Records from a data source:
[Start of Attachment]

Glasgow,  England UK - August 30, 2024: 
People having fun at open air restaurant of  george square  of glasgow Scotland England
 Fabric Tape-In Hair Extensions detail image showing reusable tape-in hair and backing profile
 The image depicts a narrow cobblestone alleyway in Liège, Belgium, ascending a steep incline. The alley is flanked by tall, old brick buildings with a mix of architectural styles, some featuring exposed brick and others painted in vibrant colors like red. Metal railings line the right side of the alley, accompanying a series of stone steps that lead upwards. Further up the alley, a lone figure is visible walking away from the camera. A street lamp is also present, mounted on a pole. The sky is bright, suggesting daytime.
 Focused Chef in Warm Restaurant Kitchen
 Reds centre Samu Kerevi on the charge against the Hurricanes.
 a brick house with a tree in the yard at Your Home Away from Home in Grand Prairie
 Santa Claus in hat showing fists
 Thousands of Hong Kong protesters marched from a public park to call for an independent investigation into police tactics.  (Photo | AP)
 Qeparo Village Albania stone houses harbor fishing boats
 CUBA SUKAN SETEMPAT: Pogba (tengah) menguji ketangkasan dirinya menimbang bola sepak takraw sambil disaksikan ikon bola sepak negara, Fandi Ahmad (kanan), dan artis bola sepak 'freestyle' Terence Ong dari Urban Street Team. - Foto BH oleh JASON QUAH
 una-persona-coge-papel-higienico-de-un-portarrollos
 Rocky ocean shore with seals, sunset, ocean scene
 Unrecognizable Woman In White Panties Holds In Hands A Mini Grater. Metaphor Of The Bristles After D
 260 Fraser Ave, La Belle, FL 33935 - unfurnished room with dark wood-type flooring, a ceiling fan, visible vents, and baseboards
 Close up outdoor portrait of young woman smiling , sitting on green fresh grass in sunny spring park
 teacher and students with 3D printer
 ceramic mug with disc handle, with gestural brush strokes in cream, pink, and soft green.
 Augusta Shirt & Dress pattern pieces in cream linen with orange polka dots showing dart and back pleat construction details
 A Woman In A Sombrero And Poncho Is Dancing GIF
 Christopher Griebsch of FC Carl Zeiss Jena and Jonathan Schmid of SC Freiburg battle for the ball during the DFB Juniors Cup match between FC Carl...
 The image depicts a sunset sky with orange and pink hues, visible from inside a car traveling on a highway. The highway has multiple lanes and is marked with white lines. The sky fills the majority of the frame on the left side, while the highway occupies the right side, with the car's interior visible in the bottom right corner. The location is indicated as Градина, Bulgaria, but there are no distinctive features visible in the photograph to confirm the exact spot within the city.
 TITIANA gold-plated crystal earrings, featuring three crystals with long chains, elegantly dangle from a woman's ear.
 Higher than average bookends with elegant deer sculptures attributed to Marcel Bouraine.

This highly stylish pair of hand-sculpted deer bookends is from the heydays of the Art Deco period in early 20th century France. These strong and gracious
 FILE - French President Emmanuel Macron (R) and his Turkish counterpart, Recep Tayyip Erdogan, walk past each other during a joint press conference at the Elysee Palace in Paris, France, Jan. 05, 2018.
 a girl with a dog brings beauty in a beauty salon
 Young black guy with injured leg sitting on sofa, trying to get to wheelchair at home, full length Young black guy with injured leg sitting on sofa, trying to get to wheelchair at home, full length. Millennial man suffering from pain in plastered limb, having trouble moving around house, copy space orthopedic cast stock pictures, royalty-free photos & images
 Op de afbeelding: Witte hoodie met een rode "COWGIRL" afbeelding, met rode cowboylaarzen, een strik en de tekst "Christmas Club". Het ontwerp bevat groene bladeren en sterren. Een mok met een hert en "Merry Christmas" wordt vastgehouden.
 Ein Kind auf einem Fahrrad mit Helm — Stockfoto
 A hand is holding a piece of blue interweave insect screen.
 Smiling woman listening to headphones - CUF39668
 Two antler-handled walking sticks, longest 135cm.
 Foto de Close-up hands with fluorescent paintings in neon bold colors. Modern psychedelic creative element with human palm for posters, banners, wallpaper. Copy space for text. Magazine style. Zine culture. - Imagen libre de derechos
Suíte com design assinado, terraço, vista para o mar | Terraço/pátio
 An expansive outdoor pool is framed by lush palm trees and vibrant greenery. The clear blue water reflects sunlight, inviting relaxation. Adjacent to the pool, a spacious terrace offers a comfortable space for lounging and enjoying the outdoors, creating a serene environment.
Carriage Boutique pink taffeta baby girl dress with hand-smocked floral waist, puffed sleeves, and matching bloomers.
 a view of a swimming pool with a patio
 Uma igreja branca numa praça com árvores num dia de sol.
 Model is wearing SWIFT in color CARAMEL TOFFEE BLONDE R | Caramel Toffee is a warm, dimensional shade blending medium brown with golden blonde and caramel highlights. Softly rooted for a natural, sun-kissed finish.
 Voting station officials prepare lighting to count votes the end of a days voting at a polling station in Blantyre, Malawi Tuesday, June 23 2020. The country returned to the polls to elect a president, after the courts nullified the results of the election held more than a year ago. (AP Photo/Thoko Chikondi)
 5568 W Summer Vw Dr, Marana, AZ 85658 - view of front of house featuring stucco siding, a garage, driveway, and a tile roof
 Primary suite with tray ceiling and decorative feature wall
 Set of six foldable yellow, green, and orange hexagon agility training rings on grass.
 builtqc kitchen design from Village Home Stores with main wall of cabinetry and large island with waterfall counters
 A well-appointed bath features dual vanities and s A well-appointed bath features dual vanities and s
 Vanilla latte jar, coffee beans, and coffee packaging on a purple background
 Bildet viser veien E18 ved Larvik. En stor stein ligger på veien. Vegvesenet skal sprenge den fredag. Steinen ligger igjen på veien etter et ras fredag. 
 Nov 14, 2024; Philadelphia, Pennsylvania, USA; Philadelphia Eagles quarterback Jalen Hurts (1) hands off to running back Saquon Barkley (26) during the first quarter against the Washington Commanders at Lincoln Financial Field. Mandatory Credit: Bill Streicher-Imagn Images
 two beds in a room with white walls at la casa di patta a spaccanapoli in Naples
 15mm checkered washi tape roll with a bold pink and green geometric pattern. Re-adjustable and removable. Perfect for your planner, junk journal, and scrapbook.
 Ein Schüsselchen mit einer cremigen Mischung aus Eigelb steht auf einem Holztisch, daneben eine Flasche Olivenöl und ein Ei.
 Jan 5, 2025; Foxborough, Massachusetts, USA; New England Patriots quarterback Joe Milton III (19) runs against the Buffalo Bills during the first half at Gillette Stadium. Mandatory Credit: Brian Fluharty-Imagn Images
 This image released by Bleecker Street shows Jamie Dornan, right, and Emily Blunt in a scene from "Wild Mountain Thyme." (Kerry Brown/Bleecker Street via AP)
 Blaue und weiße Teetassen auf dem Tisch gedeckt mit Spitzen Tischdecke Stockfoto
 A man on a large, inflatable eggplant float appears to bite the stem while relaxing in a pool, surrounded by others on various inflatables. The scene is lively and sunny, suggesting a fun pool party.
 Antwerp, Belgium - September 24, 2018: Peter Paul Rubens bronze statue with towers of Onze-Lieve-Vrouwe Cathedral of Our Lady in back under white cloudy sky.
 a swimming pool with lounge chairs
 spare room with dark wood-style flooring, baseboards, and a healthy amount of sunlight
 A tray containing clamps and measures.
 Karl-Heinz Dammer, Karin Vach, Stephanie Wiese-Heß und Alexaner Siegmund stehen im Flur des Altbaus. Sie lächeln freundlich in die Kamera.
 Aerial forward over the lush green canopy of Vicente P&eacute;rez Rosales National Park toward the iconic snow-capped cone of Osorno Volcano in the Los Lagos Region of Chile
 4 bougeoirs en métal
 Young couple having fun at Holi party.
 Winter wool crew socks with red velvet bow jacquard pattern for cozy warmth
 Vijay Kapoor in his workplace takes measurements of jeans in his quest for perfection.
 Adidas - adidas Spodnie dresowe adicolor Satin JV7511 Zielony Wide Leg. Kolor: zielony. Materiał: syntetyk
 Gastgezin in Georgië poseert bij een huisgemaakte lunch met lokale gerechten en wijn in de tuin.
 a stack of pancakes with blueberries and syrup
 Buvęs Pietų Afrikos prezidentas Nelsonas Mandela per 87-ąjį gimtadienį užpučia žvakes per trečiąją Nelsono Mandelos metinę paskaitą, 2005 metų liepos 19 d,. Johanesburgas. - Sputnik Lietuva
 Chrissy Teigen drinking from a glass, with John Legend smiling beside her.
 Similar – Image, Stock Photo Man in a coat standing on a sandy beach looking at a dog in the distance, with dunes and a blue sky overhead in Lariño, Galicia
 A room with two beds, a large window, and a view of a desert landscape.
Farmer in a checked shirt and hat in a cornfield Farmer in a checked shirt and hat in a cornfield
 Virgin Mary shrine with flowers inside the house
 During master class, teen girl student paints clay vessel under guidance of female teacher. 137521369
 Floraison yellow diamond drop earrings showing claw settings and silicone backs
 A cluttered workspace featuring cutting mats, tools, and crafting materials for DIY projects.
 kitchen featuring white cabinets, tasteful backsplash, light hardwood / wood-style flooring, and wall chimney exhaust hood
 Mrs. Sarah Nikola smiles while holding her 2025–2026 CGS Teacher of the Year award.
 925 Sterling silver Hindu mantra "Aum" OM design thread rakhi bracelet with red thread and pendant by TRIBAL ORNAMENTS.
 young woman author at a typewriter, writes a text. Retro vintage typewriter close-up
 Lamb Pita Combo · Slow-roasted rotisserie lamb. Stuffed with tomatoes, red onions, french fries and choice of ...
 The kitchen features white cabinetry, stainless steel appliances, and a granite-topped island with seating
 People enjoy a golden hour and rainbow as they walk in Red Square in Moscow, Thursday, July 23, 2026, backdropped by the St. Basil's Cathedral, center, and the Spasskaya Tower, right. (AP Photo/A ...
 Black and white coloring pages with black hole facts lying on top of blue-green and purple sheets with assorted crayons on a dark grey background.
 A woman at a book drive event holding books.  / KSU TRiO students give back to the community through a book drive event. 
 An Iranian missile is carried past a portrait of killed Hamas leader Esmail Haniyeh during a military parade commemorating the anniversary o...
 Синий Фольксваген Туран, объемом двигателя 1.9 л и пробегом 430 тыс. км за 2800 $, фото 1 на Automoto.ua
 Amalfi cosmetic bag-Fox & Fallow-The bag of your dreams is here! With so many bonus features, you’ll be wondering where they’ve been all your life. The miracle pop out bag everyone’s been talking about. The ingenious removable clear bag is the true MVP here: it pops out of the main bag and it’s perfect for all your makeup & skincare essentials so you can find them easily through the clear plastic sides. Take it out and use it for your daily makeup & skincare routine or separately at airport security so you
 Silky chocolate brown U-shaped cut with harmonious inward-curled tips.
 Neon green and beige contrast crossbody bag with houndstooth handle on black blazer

[End of Attachment]

BRIEF
Which lines above run from the one containing "A Woman In A" down to the one containing "Christopher Griebsch of"? Repeat exactly those, both ends included, and nothing else.

TASK RESPONSE
 A Woman In A Sombrero And Poncho Is Dancing GIF
 Christopher Griebsch of FC Carl Zeiss Jena and Jonathan Schmid of SC Freiburg battle for the ball during the DFB Juniors Cup match between FC Carl...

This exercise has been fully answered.